Task requirements
Within the entries below, please return exactly the lines from the one with "Lanai with Electric Storm Screens" through the one with "J Jill Pants", leaving out any pictures.

Available data
◆ ◆ ◆ ◆
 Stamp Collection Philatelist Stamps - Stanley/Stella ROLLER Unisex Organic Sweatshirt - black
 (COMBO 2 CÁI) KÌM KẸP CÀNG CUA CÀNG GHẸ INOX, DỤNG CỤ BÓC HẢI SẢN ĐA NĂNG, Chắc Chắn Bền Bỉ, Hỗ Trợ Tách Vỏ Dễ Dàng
◆ ◆ ◆ ◆
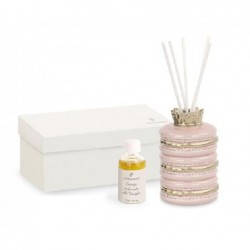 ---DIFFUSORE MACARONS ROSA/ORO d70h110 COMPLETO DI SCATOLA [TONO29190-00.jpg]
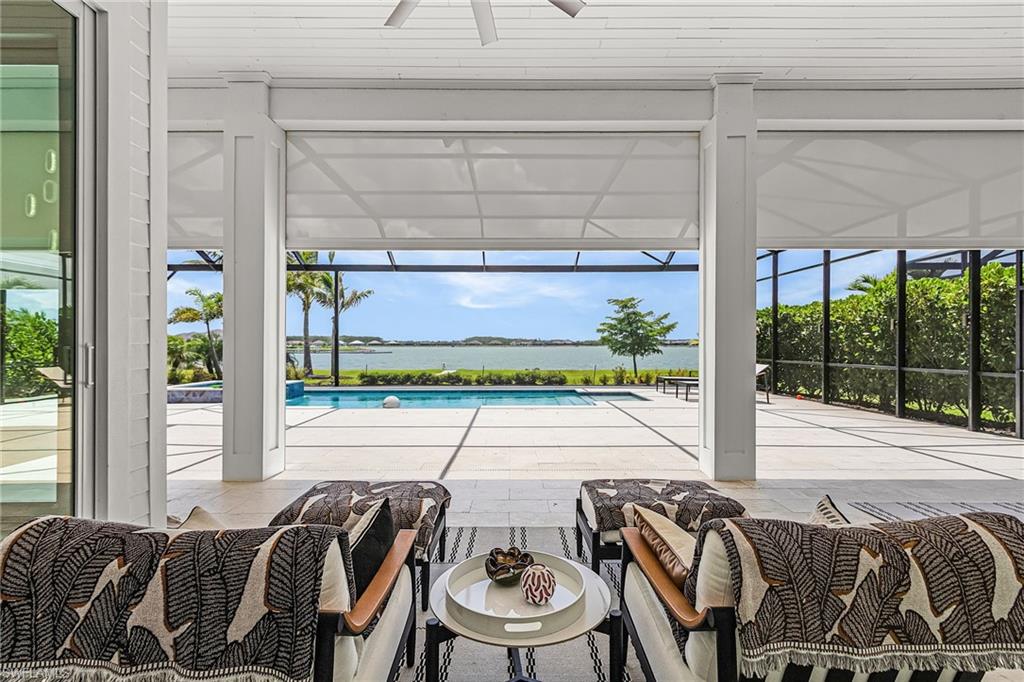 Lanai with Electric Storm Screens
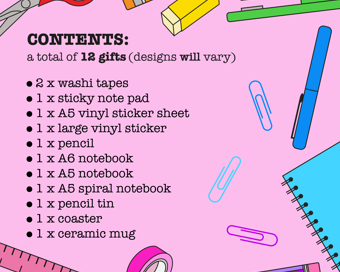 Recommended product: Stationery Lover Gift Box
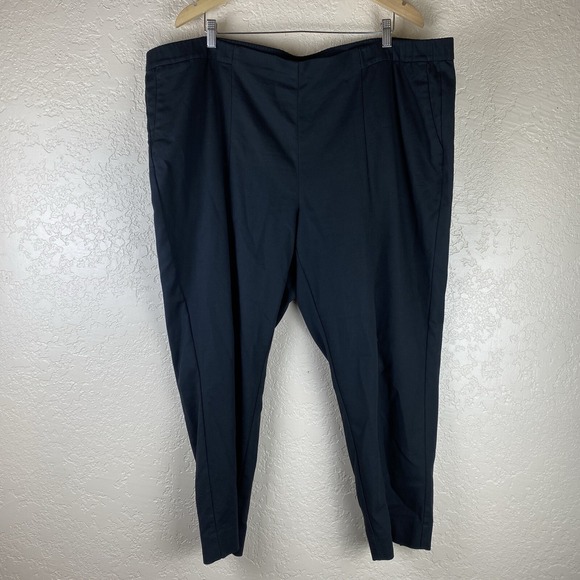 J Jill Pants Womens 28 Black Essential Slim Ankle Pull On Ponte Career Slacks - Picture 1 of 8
◆ ◆ ◆ ◆
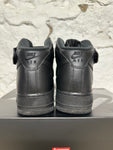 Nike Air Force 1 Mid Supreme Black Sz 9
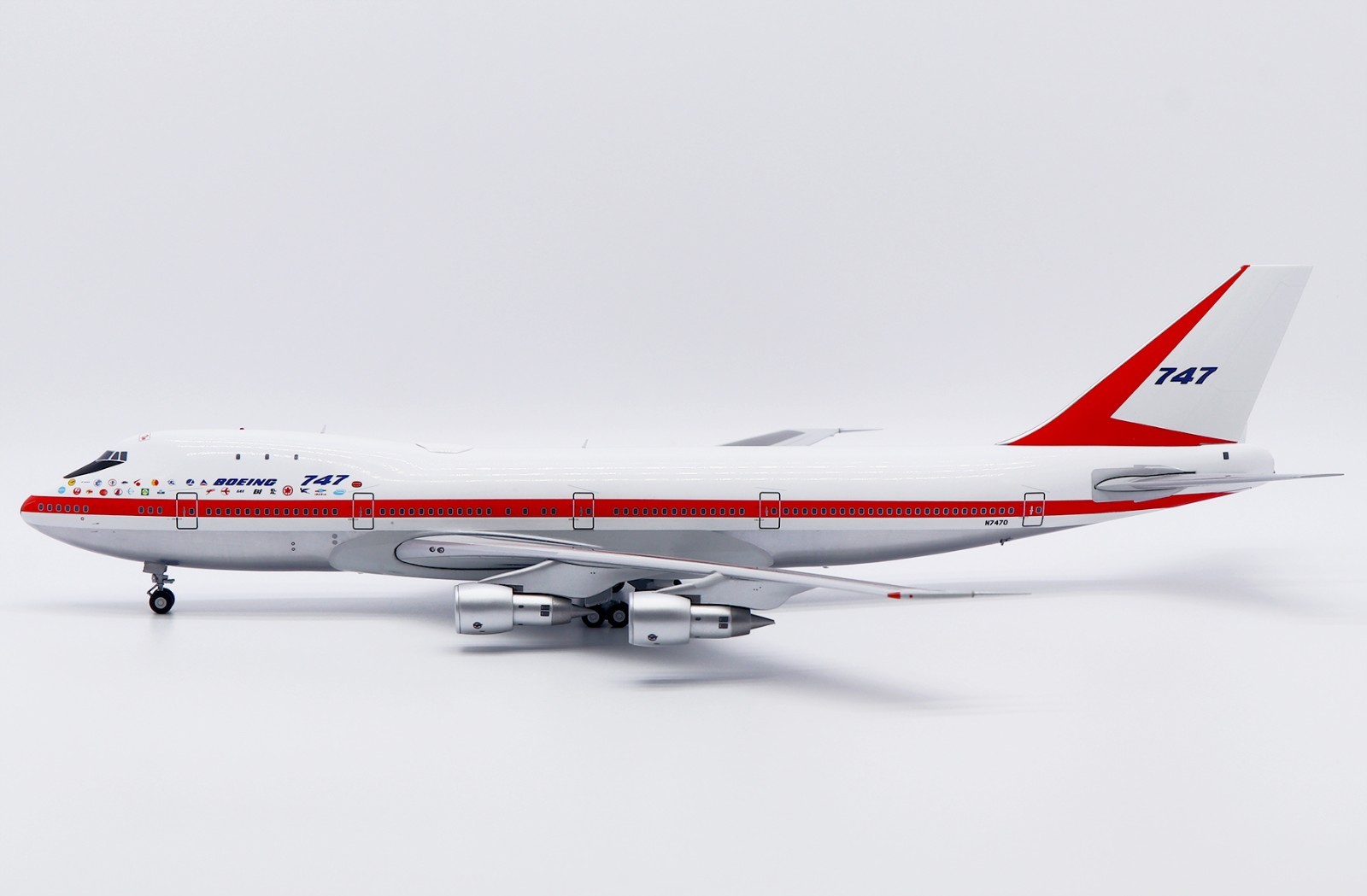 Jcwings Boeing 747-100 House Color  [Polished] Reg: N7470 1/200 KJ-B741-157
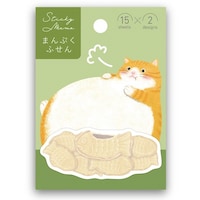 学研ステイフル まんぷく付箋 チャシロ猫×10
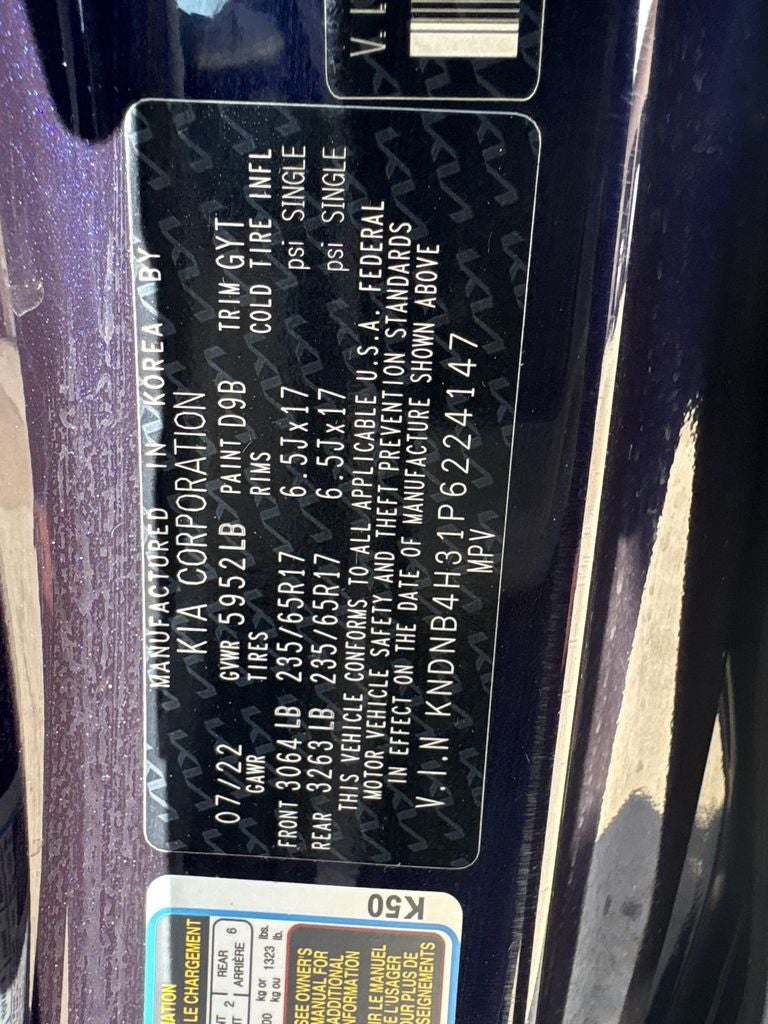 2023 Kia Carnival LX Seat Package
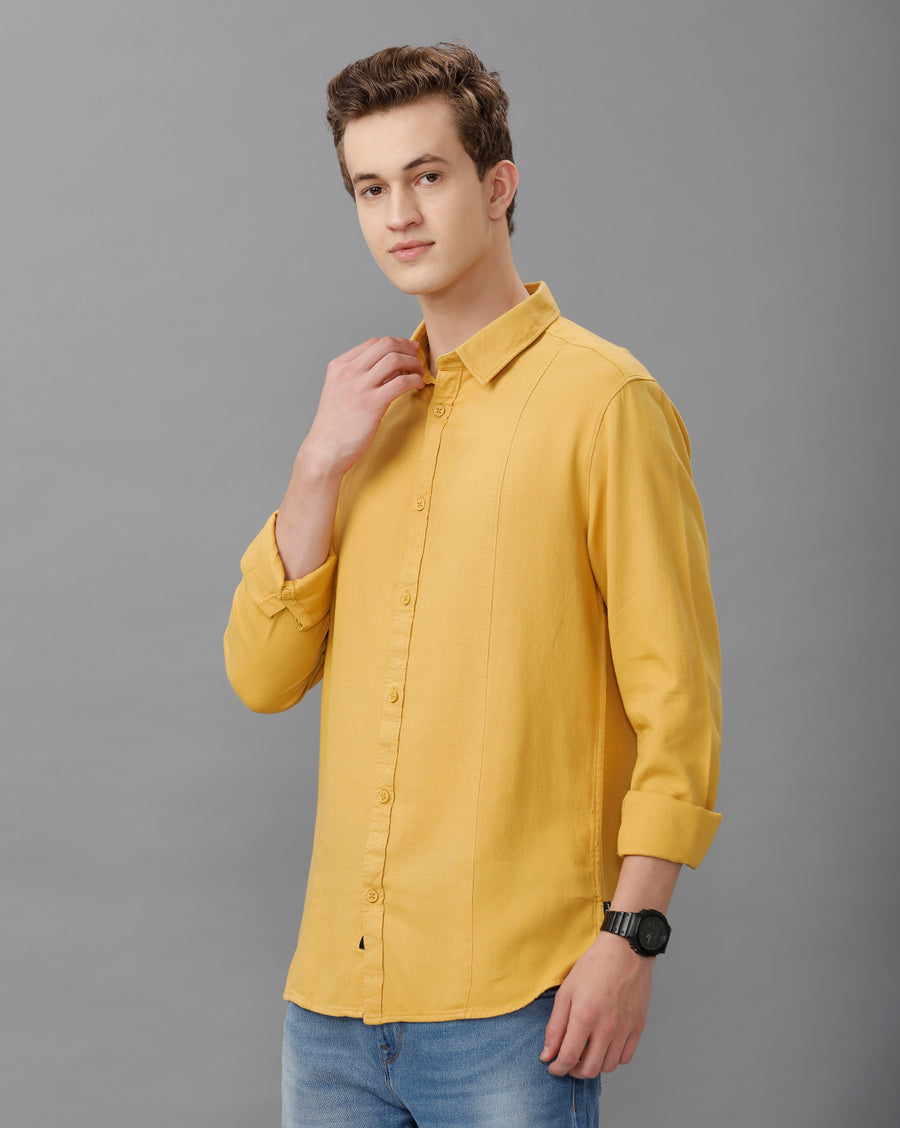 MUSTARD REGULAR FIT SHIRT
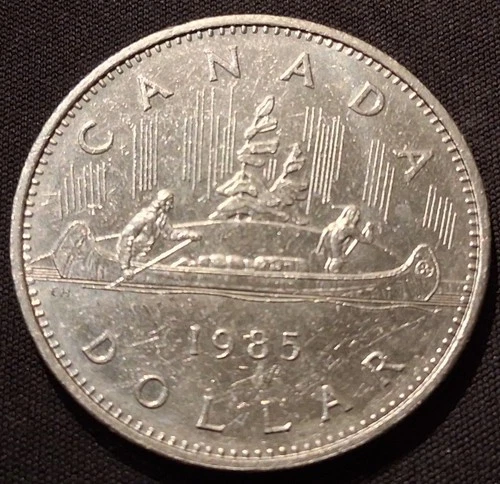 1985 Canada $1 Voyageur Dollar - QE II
◆ ◆ ◆ ◆
Response for this exercise
 Lanai with Electric Storm Screens
 Recommended product: Stationery Lover Gift Box
 J Jill Pants Womens 28 Black Essential Slim Ankle Pull On Ponte Career Slacks - Picture 1 of 8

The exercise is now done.